Pressione su tre fronti: pannelli solari, basi militari e leggi di guerra.

Gordon Chang attacca i pannelli solari cinesi a Cuba. Roosevelt Roads viene riattivata con 1.300 marines. Il Trading with the Enemy Act viene prorogato.

Tre fronti di pressione.

Un articolo di Gordon Chang attacca i pannelli solari cinesi a Cuba. La base di Roosevelt Roads a Porto Rico viene riattivata con 1.300 marines. Il Trading with the Enemy Act viene prorogato fino al 2027. Tre articoli che delineano un'unica strategia: pressione economica, militare e legale. In risposta, Díaz-Canel incontra il settore privato e 1,5 milioni di bambini si preparano a tornare in classe.

Alba cubana | L'angolo delle ragioni di Cuba | 27 agosto 2026

Buongiorno. Il notiziario di oggi presenta tre articoli che, insieme, delineano un'unica strategia: pressione economica, pressione militare e pressione legale, tutte finalizzate allo stesso obiettivo.

Rubrica di Gordon Chang: L'attacco ai pannelli solari cinesi
Cominciamo con l'articolo di Gordon Chang su The Hill . Non è un funzionario governativo, ma un commentatore che da anni invoca una linea dura contro la Cina, eppure il suo pezzo è interessante perché collega tre elementi che Washington ha ripetuto separatamente: le sanzioni contro Waldo Pérez Cortés, il rapporto su Cuba come "capitale del comunismo del XXI secolo" e ora un nuovo obiettivo: i pannelli solari cinesi .

"Questo è il punto cruciale. Chang non nasconde la vera ragione: riconosce che l'energia solare cinese copre già una parte crescente del fabbisogno elettrico di Cuba, passando dal tre al dieci percento in un solo anno, e la presenta come qualcosa che deve essere fermato."

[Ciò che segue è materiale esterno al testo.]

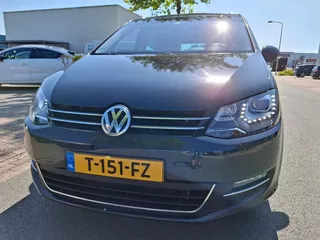 Volkswagen Sharan 1.4 TSI Exclusive Series NAVI/CAMERA/XENON!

"In altre parole, la proposta non è contro il presunto spionaggio, bensì contro la possibilità che Cuba risolva la sua crisi energetica attraverso un percorso che non dipenda da Washington."

L'energia solare è una delle poche alternative a disposizione di Cuba per far fronte all'embargo petrolifero. La cooperazione con la Cina in questo settore ha permesso l'installazione di pannelli solari in centri vitali e nelle case di persone affette da malattie croniche. Ma per Washington, il fatto che Cuba risolva la sua crisi energetica senza dipendere dagli Stati Uniti è inaccettabile.

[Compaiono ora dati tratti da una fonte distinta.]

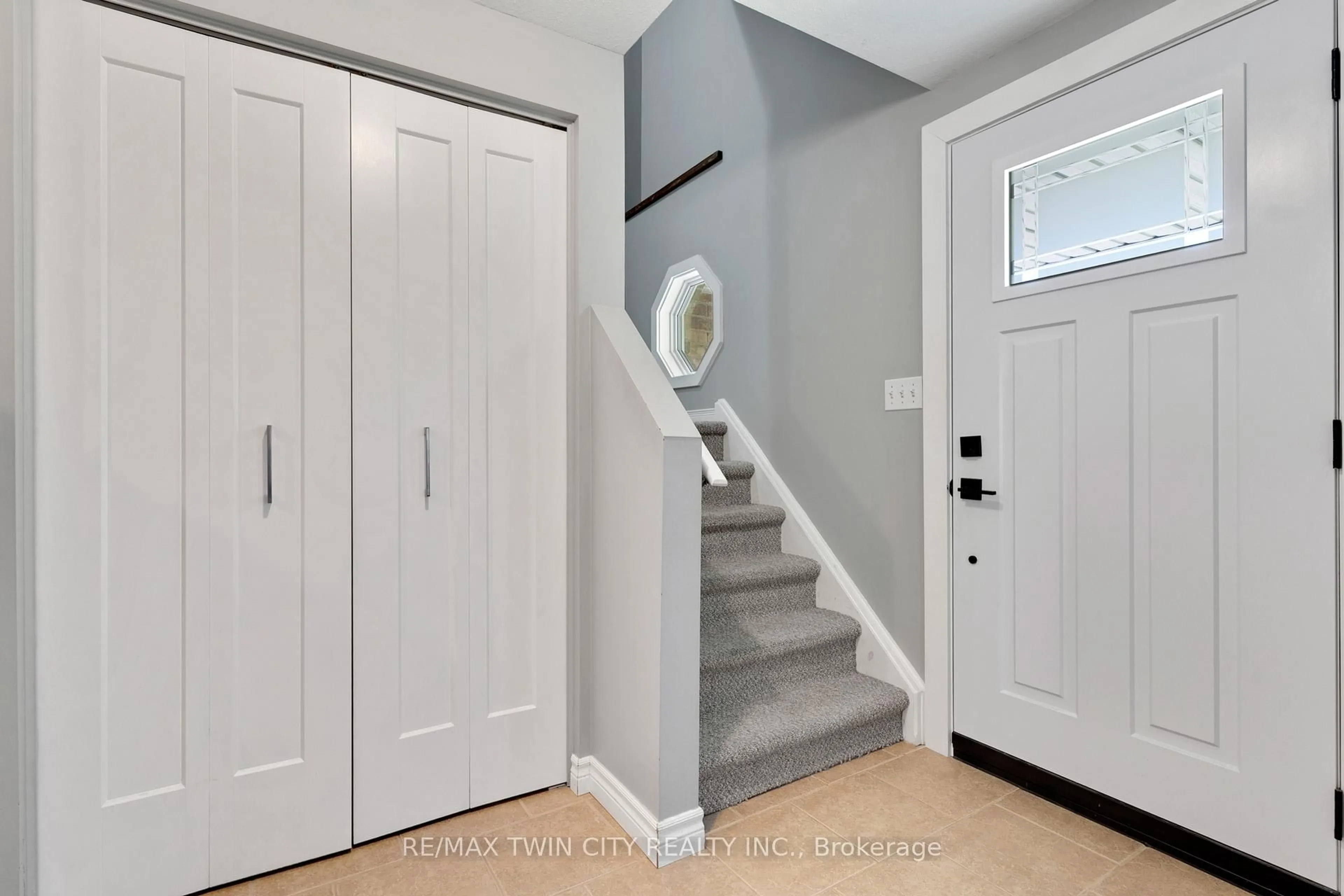 Indoor entryway for 249 Wilderness Dr, Kitchener Ontario N2E 3R4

Il viceministro Fernández de Cossio l'ha già definita per quello che è: una campagna diffamatoria.

Porto Rico: la riattivazione di Roosevelt Roads
Secondo punto, Porto Rico. Il report di El Mundo descrive una base, Roosevelt Roads , chiusa dal 2004, riattivata dallo scorso novembre con un investimento di 79 milioni di dollari e oltre 1.300 marines della Littoral Combat Force-24.

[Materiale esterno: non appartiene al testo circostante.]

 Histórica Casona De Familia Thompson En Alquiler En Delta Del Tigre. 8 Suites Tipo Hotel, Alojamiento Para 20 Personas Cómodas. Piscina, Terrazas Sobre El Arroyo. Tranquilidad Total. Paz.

"Ciò che non viene sempre menzionato è la provenienza di questo dispiegamento. Recenti rapporti confermano che a giugno, in seguito alla visita del Segretario Hegseth alla base navale di Guantanamo, la stessa forza ha condotto missioni di addestramento dalla USS Fort Lauderdale verso le coste cubane."

La stessa governatrice Jenniffer González Colón ha parlato a maggio della possibilità di una guerra contro Cuba "nelle prossime settimane". Queste sono le sue parole, non le nostre.

"Quando a Miami dicono che 'tutte le opzioni sono sul tavolo', in termini concreti intendono questo: aerei, marines e una base riattivata a due passi dall'isola."

La riattivazione di Roosevelt Roads non è una mossa difensiva. Si tratta di una base militare statunitense nei Caraibi, a pochi chilometri da Cuba, con la capacità di schierare forze combattenti. Il messaggio è chiaro: la minaccia militare non è retorica, ma una capacità reale che Washington sta ricostruendo.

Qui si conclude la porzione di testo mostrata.